It’s nearly 11pm and it’s way past Harry, my 7 year old’s, bedtime. He’s nowhere near ready for bed. In fact we’re not even in our own house. We’re still at a friends and not only Harry, but all of us are both wide awake and also in a state of nervous anxiety, terrified at the prospect of what’s about to take place.
This sounds a bit like the climax to a classic R.L Stine ‘Goosebumps’ novel, but the reality is far worse than that – we’re about to experience England…. in a penalty shootout **shudders**
The first penalty shootout drama I can actually remember was England versus Spain at Euro 96, a shootout England actually won. I was 12 at the time, and this was followed a few days later by the much more familiar experience of England losing at penalties (to the Germans).
Harry was 4 years old at the time of the last World Cup in Russia. Not tainted by years of England ‘hurt’, he witnessed them reach the semi-final, a wonderful achievement in itself. Still, he’d caught the football bug that summer and got a bit upset when England lost in extra time to Croatia. It took a big cuddle from mummy (who had long since retired to read in bed) to comfort him.
This time around 7 year old Harry, who was now more accustomed to England losing football matches than in 2018, witnessed something remarkable, England getting to an actual final -something I’d not seen in my 37 years of following the national team. And so the expectations were again set. This time we even scored in the first 2 minutes and looked set to win an actual football tournament (and that without losing a match).
But finally, the reality of supporting England kicked in for Harry, Italy scored, looked like scoring more and eventually the match went to penalties (you know the rest).
As a parent, watching the football with my children has in fact been a liberating experience. Pre-kids, the event was generally all about me, about my nerves, about how I felt, about managing the inevitable disappointment for myself. But with Harry, (Josh is thus far only interested in football insofar as it allows him to stay up late eating snacks and playing Lego – Oh how envious I am!) I feel a responsibility to him, a desire to simply enjoy the match together, as an experience of father and son, something we will look back on in years to come and be able to say we shared together, win, lose or draw. My enjoyment of the match is actually far more firmly rooted in the fact I’m sharing it with him, than in the end result.

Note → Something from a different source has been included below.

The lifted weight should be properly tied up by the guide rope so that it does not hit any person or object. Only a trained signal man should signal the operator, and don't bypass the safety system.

Don’t get me wrong, I was still a nervous wreck who cheered loudly and had that feeling like a balloon being deflated when England finally succumbed. But as a parent and a father, it was a moment of togetherness with Harry, shared passion, shared excitement, even shared disappointment that ultimately creates a bond which goes far deeper and is far more satisfying than winning a football match (even a final with England!).

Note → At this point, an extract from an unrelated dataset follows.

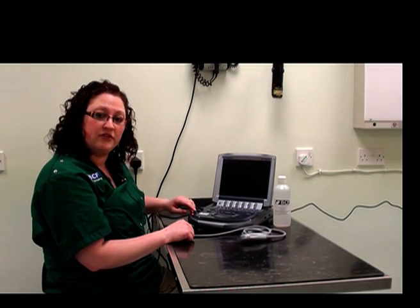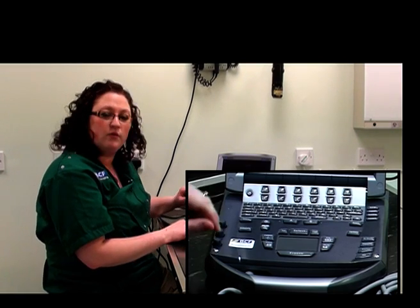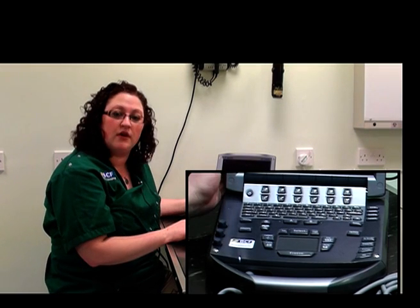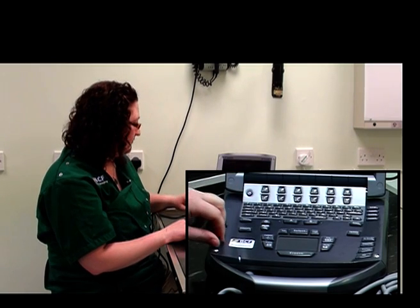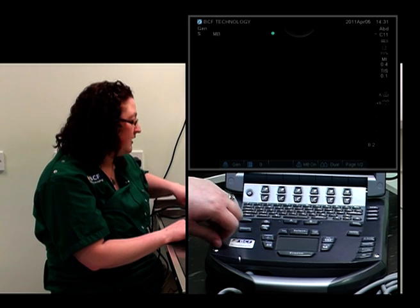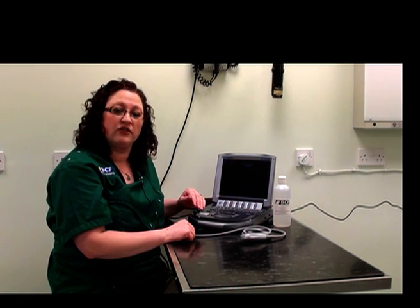It's also important to know where the overall gain button is. On this machine, it's located as a pop-up button. What the overall gain button does is it increases the overall brightness of the image displayed on the screen, regardless of the depth. It's important to use this button very sparingly, as having the image either too dark or too bright can actually lead to misinterpretation of what's displayed on the screen.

‘Enjoying’ football like that, through the prism of my son’s experience, also allowed me to put the disappointment into perspective, because I knew it was my responsibility as a parent to be an example to Harry in how we react to failure or defeat.
So driving home in the car after was really special, in fact I’d probably go so far as to say it was more special because we lost. Disappointed yes, but what it gave us was the chance to speak about how well the team had performed and whilst they hadn’t won, we could still be proud of them because they’d given their all, which was all we could ask of them. We talked of the great times we’d had watching together, getting excited and cheering every goal.

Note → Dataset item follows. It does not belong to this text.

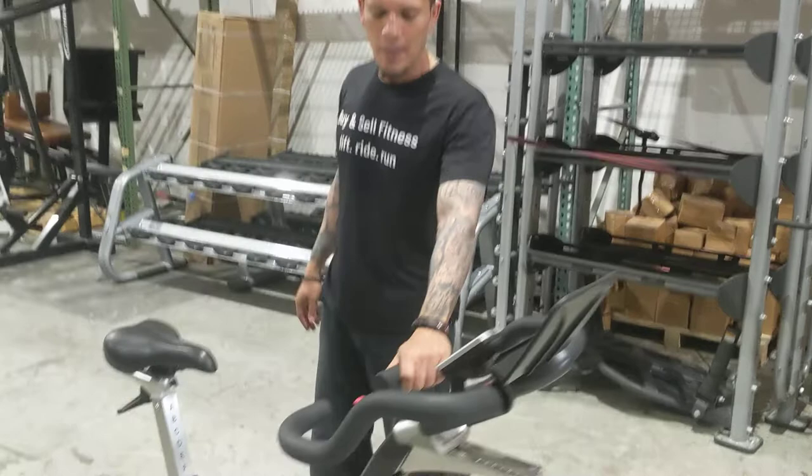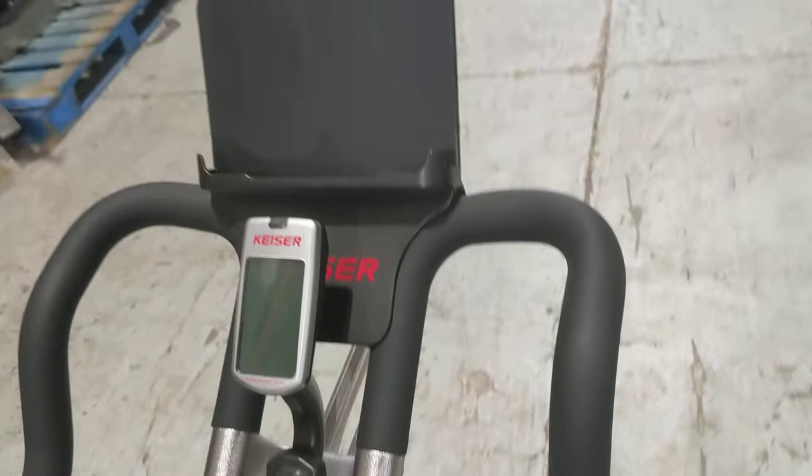Hello Alvin, I'm Jose with Flying Self Fitness and I just wanted to show you here the Kaiser M3i bike and what it looks like.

It also allowed us to talk about the place sport has in our lives, of the joy it brings but the fact that ultimately it’s just 22 people kicking a ball around a field. In this week of all weeks as we remember their mummy, Rachel’s, passing, that message seemed most apt.
So no tears for Harry this time, lots of happy memories that we’ll take with us, and just a smidge of disappointment, which I feel sets him up nicely for a lifetime of supporting England.